- Location of Langui in the Canas province
- Country: Peru
- Region: Cusco
- Province: Canas
- Capital: Langui

Government
- • Mayor: Dimas Braulio Esquivel Caballero (2007)

Area
- • Total: 187.1 km^{2} (72.2 sq mi)
- Elevation: 3,969 m (13,022 ft)

Population (2005 census)
- • Total: 3,032
- • Density: 16.21/km^{2} (41.97/sq mi)
- Time zone: UTC-5 (PET)
- UBIGEO: 080504

= Langui District =

Langui District is one of eight districts in the Canas Province in Peru.

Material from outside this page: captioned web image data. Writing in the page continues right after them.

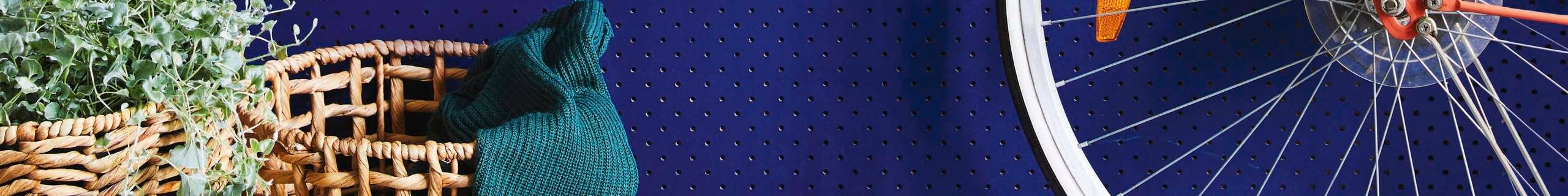 A blue pegboard wall with a shelf, bike, hat, keys and bag hanging up on it.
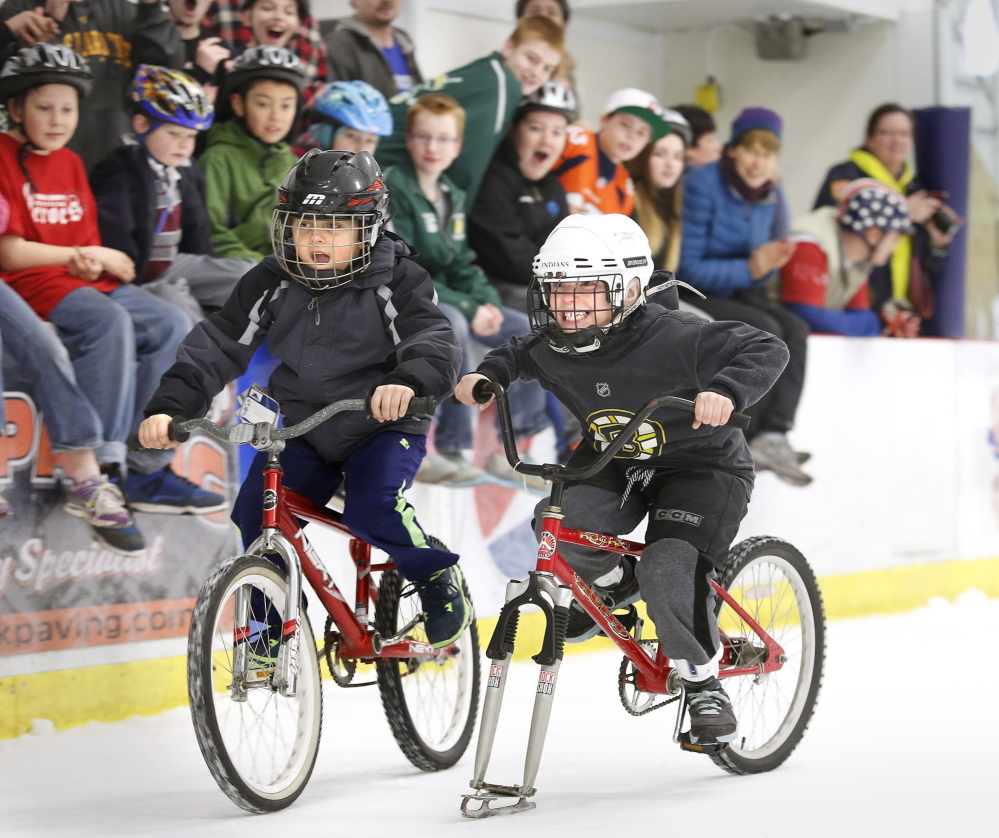 Cameron Bourgue, left, edges out Maverick White, both 7 years old and from Biddeford, on Sunday during a bike race on ice at the Biddeford Ice Arena to benefit the Community Bicycle Center.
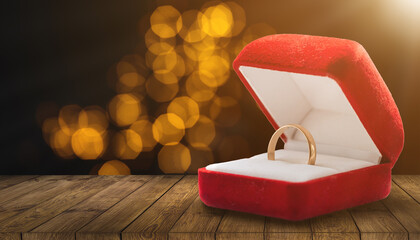 Gold ring, wedding ring in red box. The moment of a wedding, anniversary, engagement, or...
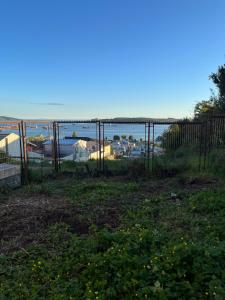 een hek in een veld met de oceaan op de achtergrond bij Casa Miramar in Quellón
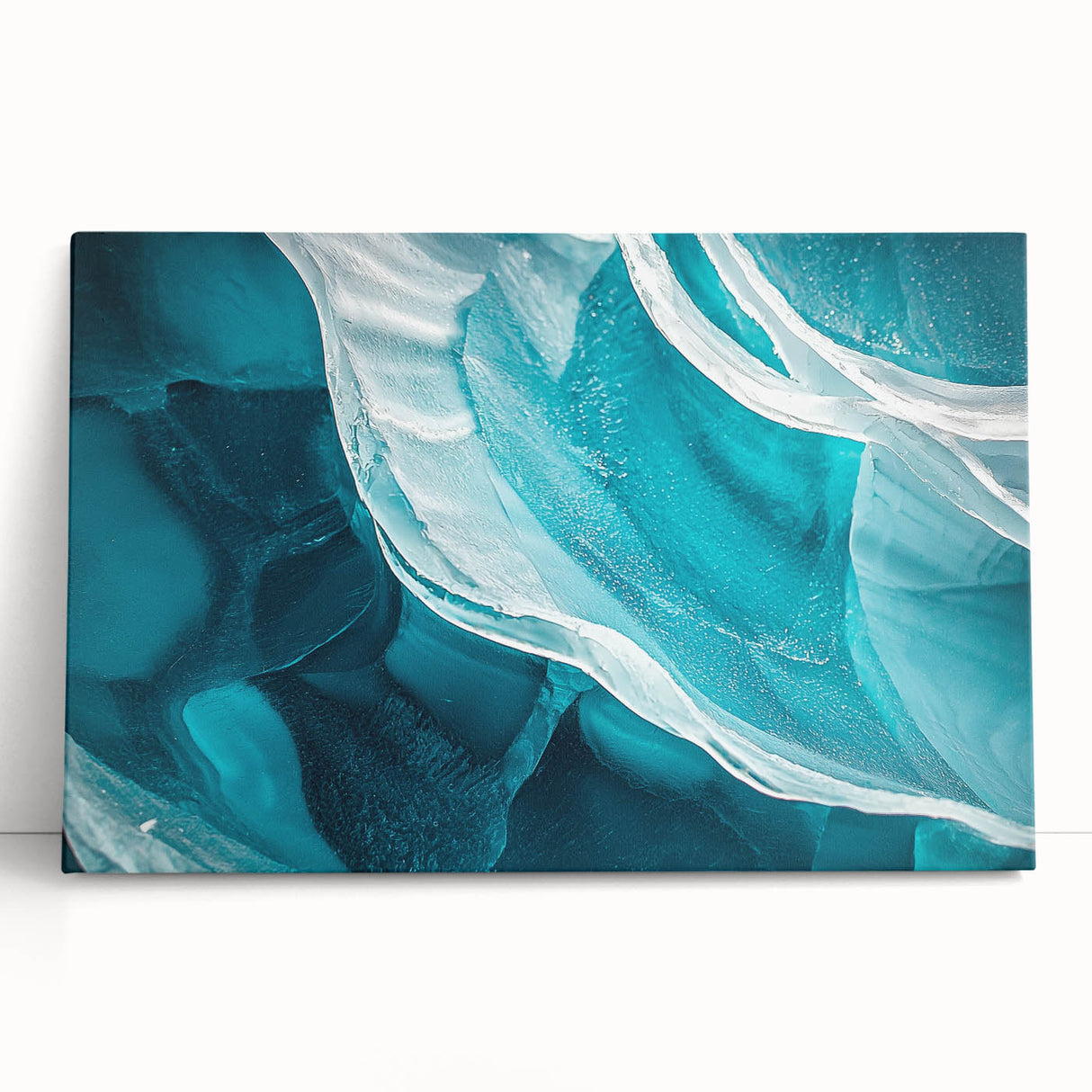 Stretched canvas artwork displaying a vibrant landscape scene with caves, featuring rich colors and intricate details, leaning against a textured wall.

Its seat is the village of Langui.

== Geography ==
One of the highest peaks of the district is Yana Urqu at approximately 4800 m. Other mountains are listed below:

- Anta Qalla
- Ch'uwaña
- Llallawi
- Lluqu
- Palumani
- Pirwa
- Sawil Chunta
- Yawri Kunka

== Ethnic groups ==
The people in the district are mainly indigenous citizens of Quechua descent. Quechua is the language which the majority of the population (82.83%) learnt to speak in childhood, 16.81% of the residents started speaking using the Spanish language (2007 Peru Census).